* SUPPLIED INFORMATION:

Content starts

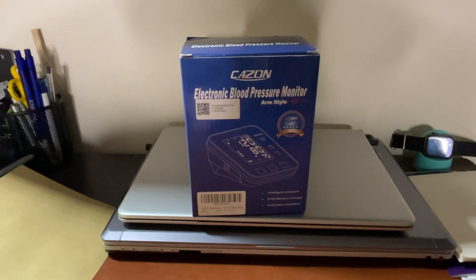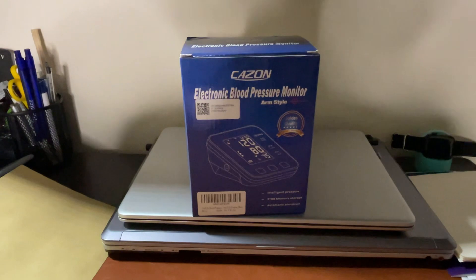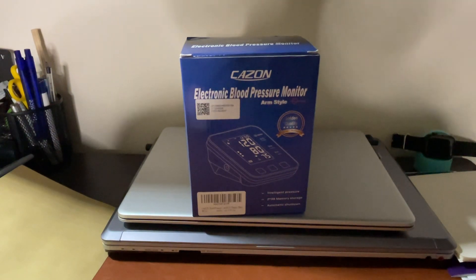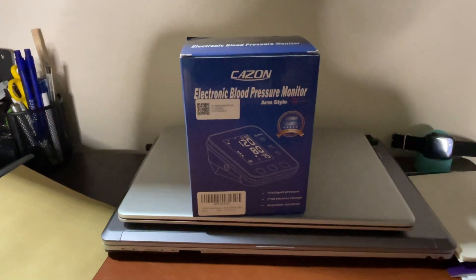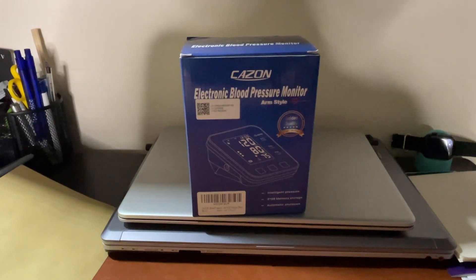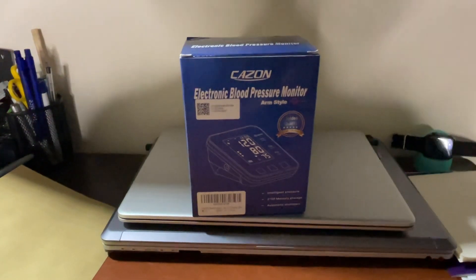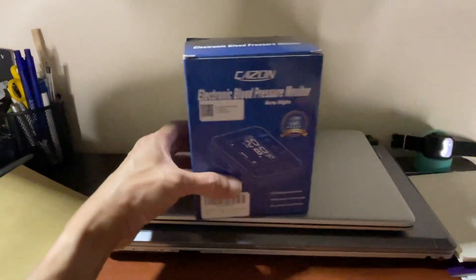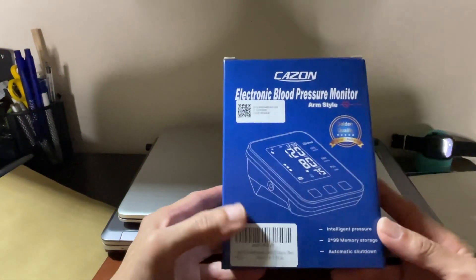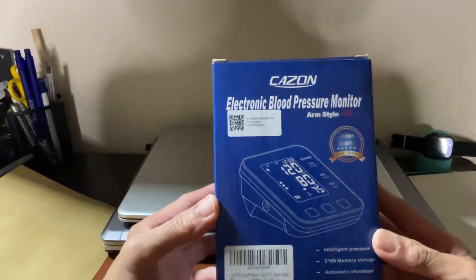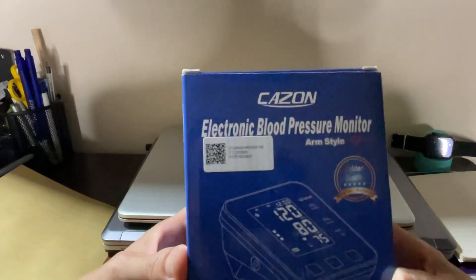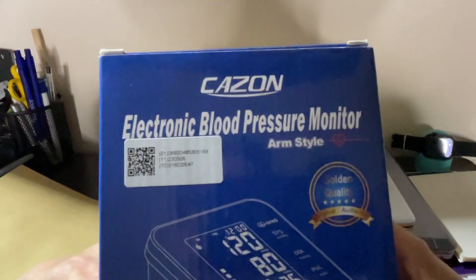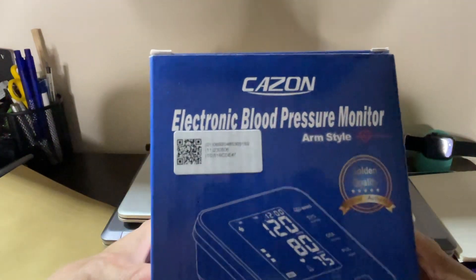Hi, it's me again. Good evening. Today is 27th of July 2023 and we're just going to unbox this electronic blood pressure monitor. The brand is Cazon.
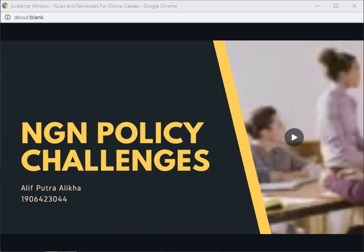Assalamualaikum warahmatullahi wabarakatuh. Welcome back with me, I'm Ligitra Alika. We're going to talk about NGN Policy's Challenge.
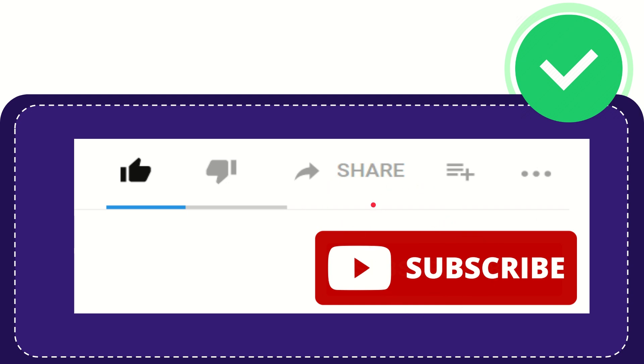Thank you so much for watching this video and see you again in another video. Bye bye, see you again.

Content ends

* ABOUT THIS EXERCISE:
Would you repeat the listing word for word and skip every picture?

* SOLUTION:
Hi, it's me again. Good evening. Today is 27th of July 2023 and we're just going to unbox this electronic blood pressure monitor. The brand is Cazon.
Assalamualaikum warahmatullahi wabarakatuh. Welcome back with me, I'm Ligitra Alika. We're going to talk about NGN Policy's Challenge.
Thank you so much for watching this video and see you again in another video. Bye bye, see you again.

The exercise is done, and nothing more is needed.